Step 9: Approximate Distances
During search, the system can estimate distances using the compressed codes and codebooks.
One approach reconstructs approximate vector segments from the stored codes and compares those approximations. Another approach uses lookup tables to estimate distances directly from compressed representations.
Either way, the distance is approximate because the original vector values were replaced by centroids.
Step 10: Optionally Rescore Candidates
Some systems store or fetch the original full-precision vectors for final ranking.
In that design, PQ is used to find likely candidates cheaply. Then the best candidates are rescored using original vectors.
This helps recover ranking quality while still reducing the memory needed for broad candidate search.
A Compression Example
Suppose a vector has 128 dimensions and each dimension uses 4 bytes.
128 x 4 bytes = 512 bytes
If PQ splits the vector into 32 segments and stores one byte per segment, the compressed code is:
32 x 1 byte = 32 bytes
The codebooks add overhead, and original vectors may still be stored elsewhere for rescoring, but the searchable compressed representation is much smaller.
Why Segmentation Matters
Segmentation is the key design choice in PQ.
If segments are too large, each centroid has to represent too much variation. That can increase distortion.

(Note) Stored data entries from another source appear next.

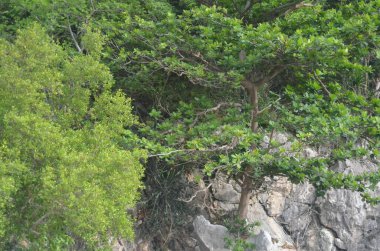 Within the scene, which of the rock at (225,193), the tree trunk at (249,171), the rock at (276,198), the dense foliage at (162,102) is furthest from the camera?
the rock at (276,198)

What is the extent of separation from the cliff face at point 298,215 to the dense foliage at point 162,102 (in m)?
0.50

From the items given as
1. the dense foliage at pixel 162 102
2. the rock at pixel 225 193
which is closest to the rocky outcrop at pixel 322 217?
the rock at pixel 225 193

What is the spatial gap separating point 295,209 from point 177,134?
12.1ft

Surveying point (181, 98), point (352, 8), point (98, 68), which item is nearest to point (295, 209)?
point (181, 98)

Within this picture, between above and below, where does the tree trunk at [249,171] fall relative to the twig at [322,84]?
below

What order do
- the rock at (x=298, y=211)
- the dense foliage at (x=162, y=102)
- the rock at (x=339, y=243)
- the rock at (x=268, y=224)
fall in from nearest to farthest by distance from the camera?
the dense foliage at (x=162, y=102) → the rock at (x=268, y=224) → the rock at (x=298, y=211) → the rock at (x=339, y=243)

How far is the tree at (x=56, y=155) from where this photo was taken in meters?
6.86

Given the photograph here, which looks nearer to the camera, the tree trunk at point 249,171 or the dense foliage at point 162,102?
the dense foliage at point 162,102

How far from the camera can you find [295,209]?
12289 millimetres

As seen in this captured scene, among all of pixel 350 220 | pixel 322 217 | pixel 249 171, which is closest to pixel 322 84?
pixel 249 171

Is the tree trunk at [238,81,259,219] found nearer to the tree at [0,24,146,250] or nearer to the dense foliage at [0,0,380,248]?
the dense foliage at [0,0,380,248]

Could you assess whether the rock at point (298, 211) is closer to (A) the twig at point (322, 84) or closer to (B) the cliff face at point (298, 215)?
(B) the cliff face at point (298, 215)

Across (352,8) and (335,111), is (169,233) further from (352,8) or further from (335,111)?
(352,8)

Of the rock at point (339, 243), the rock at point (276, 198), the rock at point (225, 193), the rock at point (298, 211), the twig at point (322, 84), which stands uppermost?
the twig at point (322, 84) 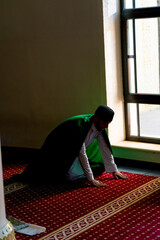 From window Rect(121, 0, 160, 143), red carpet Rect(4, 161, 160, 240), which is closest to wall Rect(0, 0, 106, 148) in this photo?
window Rect(121, 0, 160, 143)

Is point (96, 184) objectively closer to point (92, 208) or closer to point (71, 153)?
point (71, 153)

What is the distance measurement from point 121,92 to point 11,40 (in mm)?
1880

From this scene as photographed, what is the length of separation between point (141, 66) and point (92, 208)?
2111mm

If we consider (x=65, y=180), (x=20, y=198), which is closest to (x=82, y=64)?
(x=65, y=180)

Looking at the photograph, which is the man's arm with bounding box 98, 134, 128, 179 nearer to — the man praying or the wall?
the man praying

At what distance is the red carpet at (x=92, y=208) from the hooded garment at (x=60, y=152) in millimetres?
171

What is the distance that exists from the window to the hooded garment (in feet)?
2.51

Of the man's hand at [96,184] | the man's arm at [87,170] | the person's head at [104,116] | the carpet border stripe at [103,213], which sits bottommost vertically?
the carpet border stripe at [103,213]

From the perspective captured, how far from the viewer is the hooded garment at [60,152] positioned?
197 inches

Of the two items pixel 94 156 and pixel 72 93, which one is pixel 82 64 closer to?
pixel 72 93

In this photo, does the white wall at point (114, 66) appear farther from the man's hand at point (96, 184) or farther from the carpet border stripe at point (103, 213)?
the carpet border stripe at point (103, 213)

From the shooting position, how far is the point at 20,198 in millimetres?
4699

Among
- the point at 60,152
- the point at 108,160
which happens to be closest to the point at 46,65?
the point at 60,152

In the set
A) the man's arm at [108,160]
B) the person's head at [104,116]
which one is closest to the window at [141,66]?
the man's arm at [108,160] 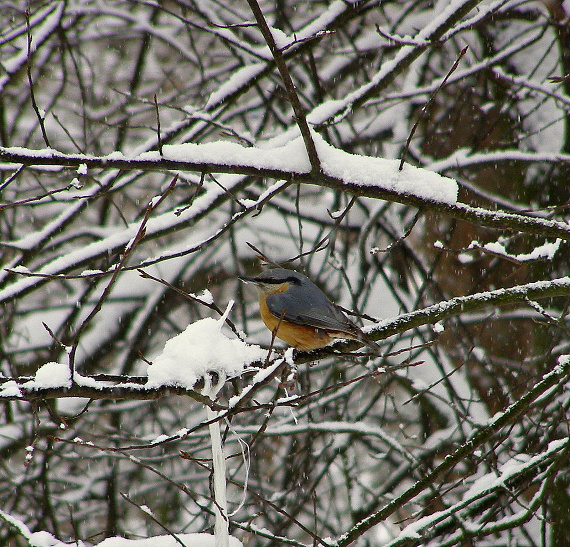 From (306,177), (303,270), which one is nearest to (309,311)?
(303,270)

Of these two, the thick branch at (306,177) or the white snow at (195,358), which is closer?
the white snow at (195,358)

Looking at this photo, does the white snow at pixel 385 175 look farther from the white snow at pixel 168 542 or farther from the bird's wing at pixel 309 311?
the white snow at pixel 168 542

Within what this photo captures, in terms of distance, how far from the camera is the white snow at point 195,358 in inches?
94.8

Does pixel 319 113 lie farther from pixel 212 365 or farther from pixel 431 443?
pixel 431 443

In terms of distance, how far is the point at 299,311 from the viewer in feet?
12.8

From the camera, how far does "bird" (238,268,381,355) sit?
3.77 meters

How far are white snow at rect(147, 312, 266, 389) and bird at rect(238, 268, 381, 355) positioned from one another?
108cm

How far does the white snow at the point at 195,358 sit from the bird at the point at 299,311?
3.54 feet

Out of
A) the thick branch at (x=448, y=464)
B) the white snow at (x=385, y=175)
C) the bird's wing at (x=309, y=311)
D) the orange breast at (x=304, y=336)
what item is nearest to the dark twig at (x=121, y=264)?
the white snow at (x=385, y=175)

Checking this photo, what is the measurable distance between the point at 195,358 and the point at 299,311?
1.55 metres

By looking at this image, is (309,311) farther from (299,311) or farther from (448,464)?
(448,464)

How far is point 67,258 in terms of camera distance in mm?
4297

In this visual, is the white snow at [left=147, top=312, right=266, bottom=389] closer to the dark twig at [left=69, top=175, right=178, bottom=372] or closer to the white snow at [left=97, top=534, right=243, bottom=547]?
the dark twig at [left=69, top=175, right=178, bottom=372]

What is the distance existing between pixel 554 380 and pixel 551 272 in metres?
2.61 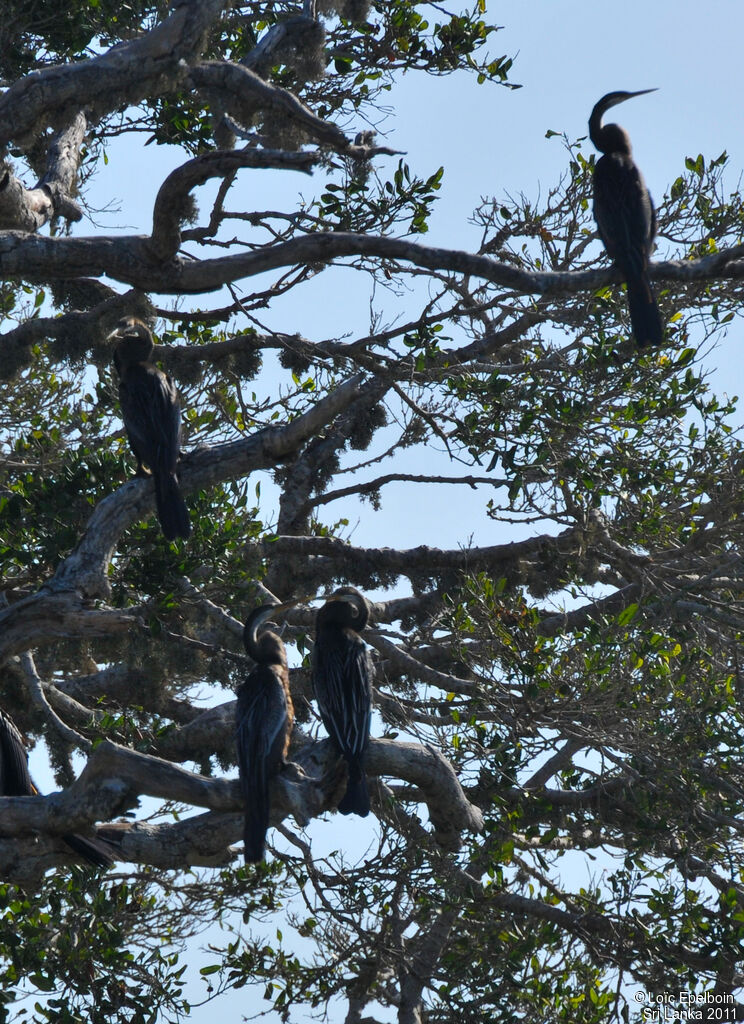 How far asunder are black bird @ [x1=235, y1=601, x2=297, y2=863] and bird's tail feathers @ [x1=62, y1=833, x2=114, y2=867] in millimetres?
636

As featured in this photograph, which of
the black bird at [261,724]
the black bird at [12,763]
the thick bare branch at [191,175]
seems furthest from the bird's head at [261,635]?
the thick bare branch at [191,175]

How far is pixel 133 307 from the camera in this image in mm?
7426

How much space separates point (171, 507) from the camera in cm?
647

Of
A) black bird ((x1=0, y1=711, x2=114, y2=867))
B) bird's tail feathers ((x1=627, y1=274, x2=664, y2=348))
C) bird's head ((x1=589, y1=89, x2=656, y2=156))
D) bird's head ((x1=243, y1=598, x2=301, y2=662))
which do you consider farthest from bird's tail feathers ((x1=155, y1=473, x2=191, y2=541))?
bird's head ((x1=589, y1=89, x2=656, y2=156))

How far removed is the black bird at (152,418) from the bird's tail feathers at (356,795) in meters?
1.77

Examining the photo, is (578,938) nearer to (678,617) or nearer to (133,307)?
(678,617)

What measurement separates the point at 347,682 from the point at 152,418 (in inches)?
77.8

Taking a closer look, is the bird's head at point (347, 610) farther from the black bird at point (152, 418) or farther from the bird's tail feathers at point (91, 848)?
the bird's tail feathers at point (91, 848)

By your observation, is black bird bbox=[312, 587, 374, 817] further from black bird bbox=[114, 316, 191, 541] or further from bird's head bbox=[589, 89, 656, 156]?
bird's head bbox=[589, 89, 656, 156]

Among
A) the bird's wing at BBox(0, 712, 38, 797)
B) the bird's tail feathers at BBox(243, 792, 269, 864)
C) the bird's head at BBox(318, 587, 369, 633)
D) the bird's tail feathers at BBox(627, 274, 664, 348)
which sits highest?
the bird's tail feathers at BBox(627, 274, 664, 348)

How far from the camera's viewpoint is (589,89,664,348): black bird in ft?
24.2

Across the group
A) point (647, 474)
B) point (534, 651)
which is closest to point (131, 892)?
point (534, 651)

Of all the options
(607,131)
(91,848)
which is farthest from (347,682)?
(607,131)

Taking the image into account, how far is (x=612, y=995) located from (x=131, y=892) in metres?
2.67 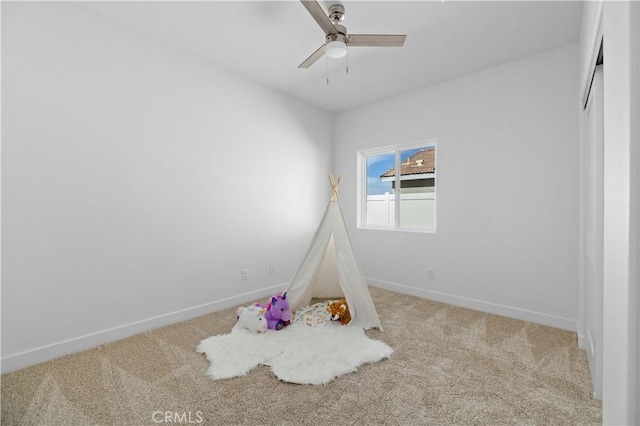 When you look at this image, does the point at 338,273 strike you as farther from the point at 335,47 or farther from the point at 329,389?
the point at 335,47

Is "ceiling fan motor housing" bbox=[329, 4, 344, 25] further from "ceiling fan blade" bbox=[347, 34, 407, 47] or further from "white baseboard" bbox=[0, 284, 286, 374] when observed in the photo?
"white baseboard" bbox=[0, 284, 286, 374]

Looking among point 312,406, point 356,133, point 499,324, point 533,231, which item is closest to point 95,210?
point 312,406

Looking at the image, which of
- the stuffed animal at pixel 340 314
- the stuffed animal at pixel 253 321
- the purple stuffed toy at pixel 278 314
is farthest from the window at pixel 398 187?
the stuffed animal at pixel 253 321

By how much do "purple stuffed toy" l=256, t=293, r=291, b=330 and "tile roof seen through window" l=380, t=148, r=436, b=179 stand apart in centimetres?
245

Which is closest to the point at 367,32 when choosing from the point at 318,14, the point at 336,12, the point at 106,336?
the point at 336,12

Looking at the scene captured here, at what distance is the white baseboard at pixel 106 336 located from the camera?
78.5 inches

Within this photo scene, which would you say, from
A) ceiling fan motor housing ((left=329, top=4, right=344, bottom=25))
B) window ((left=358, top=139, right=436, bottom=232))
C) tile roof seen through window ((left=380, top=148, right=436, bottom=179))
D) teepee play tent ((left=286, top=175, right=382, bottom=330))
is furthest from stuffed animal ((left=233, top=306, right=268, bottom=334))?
tile roof seen through window ((left=380, top=148, right=436, bottom=179))

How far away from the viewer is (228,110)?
325 centimetres

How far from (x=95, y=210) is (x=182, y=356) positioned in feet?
4.42

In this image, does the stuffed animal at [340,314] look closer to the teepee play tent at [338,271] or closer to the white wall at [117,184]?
the teepee play tent at [338,271]

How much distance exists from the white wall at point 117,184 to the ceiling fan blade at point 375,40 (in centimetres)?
171

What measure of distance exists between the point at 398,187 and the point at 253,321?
262cm

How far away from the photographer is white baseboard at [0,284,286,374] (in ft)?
6.54

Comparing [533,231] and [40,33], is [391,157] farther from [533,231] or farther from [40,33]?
[40,33] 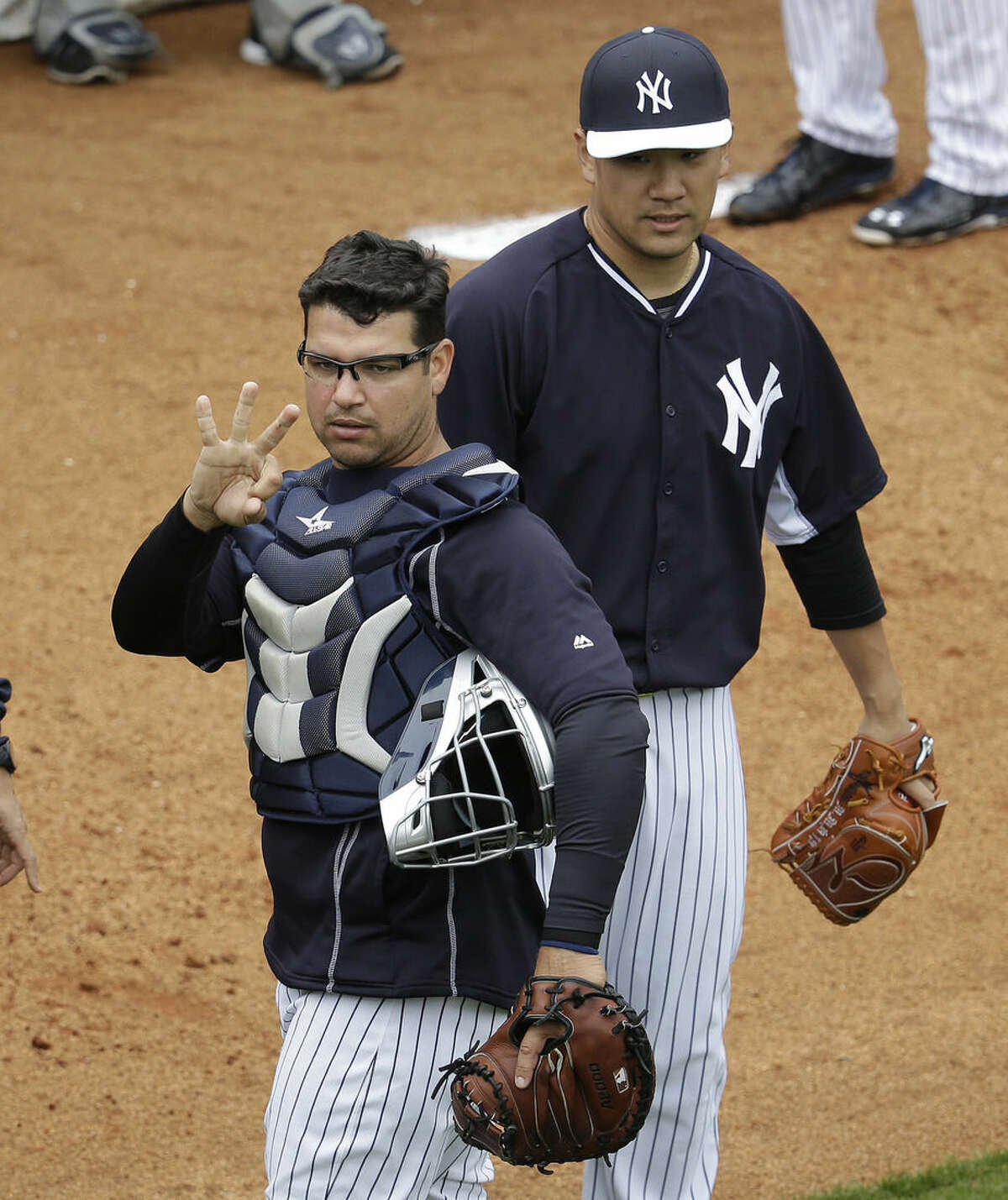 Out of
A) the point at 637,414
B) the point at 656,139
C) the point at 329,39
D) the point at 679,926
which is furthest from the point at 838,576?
the point at 329,39

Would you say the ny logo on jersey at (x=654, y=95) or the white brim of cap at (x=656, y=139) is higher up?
the ny logo on jersey at (x=654, y=95)

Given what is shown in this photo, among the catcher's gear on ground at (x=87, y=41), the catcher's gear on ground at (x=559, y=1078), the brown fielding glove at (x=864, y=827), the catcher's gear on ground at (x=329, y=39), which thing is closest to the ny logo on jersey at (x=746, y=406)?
the brown fielding glove at (x=864, y=827)

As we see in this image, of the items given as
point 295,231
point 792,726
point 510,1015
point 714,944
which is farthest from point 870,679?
point 295,231

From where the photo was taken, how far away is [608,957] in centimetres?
293

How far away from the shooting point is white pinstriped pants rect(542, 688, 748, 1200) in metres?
2.89

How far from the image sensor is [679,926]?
2.90 m

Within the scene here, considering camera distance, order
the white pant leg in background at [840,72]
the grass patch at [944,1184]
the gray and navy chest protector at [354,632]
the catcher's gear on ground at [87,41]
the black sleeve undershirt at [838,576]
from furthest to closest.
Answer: the catcher's gear on ground at [87,41]
the white pant leg in background at [840,72]
the grass patch at [944,1184]
the black sleeve undershirt at [838,576]
the gray and navy chest protector at [354,632]

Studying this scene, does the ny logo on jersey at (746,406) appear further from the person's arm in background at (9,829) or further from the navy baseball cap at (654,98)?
the person's arm in background at (9,829)

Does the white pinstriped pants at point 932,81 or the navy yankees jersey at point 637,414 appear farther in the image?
the white pinstriped pants at point 932,81

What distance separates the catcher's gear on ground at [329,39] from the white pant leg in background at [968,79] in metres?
2.92

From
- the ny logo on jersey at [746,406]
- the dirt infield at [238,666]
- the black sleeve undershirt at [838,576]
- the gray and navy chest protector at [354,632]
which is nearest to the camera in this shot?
the gray and navy chest protector at [354,632]

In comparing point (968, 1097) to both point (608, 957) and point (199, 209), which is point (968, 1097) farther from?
point (199, 209)

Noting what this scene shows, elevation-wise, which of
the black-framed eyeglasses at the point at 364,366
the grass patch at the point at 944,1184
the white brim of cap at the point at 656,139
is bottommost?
the grass patch at the point at 944,1184

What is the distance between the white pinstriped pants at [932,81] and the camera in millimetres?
6867
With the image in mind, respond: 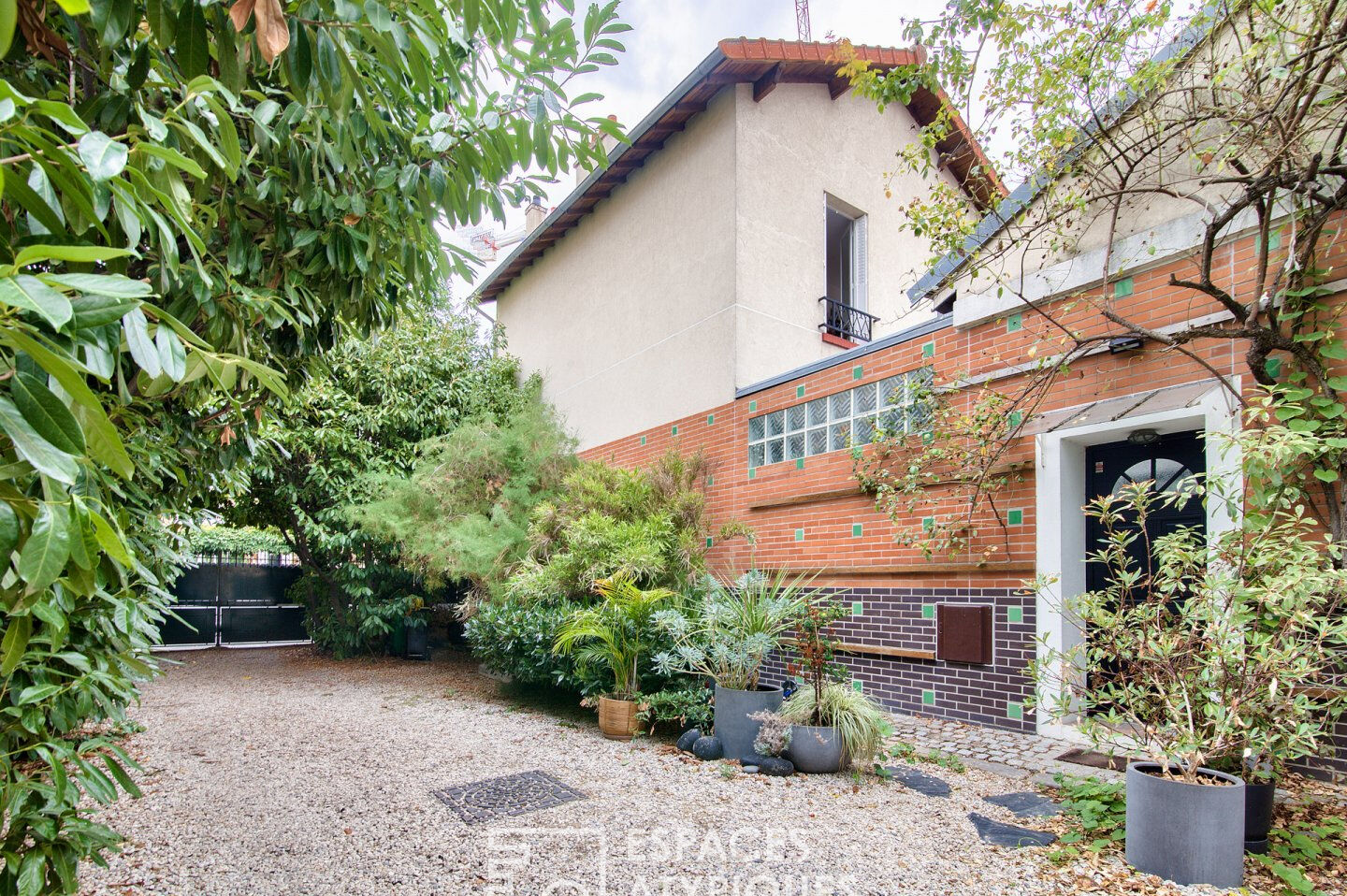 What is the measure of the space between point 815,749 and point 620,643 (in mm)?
1780

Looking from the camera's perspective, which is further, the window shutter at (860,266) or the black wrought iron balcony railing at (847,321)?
the window shutter at (860,266)

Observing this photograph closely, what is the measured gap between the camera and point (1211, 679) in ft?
10.2

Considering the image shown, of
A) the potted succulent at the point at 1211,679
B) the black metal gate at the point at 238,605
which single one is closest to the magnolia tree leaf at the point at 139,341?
the potted succulent at the point at 1211,679

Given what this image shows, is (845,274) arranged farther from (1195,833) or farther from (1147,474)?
(1195,833)

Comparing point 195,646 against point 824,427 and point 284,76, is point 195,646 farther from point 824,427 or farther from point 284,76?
point 284,76

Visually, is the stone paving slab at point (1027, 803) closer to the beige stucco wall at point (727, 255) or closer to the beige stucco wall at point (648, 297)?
the beige stucco wall at point (727, 255)

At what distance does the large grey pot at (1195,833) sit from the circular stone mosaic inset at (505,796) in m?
2.67

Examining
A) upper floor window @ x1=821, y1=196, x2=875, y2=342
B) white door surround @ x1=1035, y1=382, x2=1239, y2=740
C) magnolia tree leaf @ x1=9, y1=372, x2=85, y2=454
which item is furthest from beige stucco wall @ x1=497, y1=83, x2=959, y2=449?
magnolia tree leaf @ x1=9, y1=372, x2=85, y2=454

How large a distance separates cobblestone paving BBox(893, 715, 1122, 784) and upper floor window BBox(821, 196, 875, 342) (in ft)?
15.4

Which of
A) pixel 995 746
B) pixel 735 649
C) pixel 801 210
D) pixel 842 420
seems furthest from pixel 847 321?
pixel 995 746

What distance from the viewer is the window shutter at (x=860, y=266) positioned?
898 centimetres

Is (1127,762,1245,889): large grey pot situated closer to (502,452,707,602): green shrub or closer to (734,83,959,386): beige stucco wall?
(502,452,707,602): green shrub

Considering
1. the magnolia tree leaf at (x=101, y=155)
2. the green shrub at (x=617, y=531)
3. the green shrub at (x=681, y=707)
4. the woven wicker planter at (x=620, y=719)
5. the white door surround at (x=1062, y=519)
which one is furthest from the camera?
the green shrub at (x=617, y=531)

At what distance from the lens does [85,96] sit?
1.63 meters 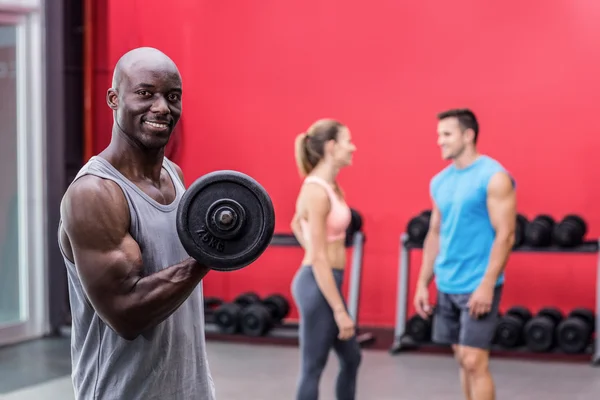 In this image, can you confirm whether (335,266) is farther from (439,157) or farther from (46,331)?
(46,331)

If segments are too small or too numerous, recall may improve, but memory savings shrink because more codes are stored per vector.
Why Training Quality Matters
PQ works best when the codebooks match the vector distribution.
If the training vectors are representative, the centroids can approximate future vectors well. If the distribution shifts, old centroids may become less accurate.
This is why product quantization should be tested again after major embedding model changes or large changes in data composition.
Where Information Is Lost
Information is lost when each original segment is replaced by its nearest centroid.
The compressed code keeps the general region of the segment, but not the exact original coordinates.
Many different segments can share the same code. That makes PQ compact, but it also creates distance distortion.
How Compression Affects Search
Compressed vectors can make search cheaper because the system compares smaller representations.
However, approximate distances can change candidate order. A relevant vector might look less relevant after compression, while a less relevant vector might look closer.
Good PQ configurations balance memory savings with enough detail to preserve useful nearest-neighbor behavior.
What Engineers Tune
Common tuning choices include:
- number of segments
- dimensions per segment
- number of centroids per segment
- training sample size
- candidate pool size
- whether to rescore with original vectors
- how often to retrain after data distribution changes
Common Mistakes
Common mistakes include:
- using too little training data
- training on unrepresentative vectors
- assuming higher compression has no recall cost
- forgetting codebook overhead
- not testing filtered queries
- not measuring ranking quality after compression
Summary
Product quantization compresses vectors by splitting each embedding into segments, learning centroids for each segment position, and storing compact centroid IDs instead of full floating-point values.
The compressed representation is much smaller, but it is approximate. The quality of PQ compression depends on segment choices, codebook training, candidate selection, rescoring strategy, and benchmark results on real search workloads.